- _Action item_: Extract from the entries below, exactly as given, only the lines from the line containing "Cobalt blue notebook" to the line containing "Poignées de porte", both lines included.
Study material Block Start
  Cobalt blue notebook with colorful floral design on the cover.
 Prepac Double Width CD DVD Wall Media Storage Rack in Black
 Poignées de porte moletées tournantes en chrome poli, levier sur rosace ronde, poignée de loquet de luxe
Study material Block End
Study material Block Start
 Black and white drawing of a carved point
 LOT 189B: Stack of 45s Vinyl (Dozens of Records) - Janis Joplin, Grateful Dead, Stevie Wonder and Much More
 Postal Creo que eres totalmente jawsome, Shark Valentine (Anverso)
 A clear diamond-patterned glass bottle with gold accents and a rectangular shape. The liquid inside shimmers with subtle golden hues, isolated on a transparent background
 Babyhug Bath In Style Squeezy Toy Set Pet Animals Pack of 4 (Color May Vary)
Study material Block End
- _Written solution_:
  Cobalt blue notebook with colorful floral design on the cover.
 Prepac Double Width CD DVD Wall Media Storage Rack in Black
 Poignées de porte moletées tournantes en chrome poli, levier sur rosace ronde, poignée de loquet de luxe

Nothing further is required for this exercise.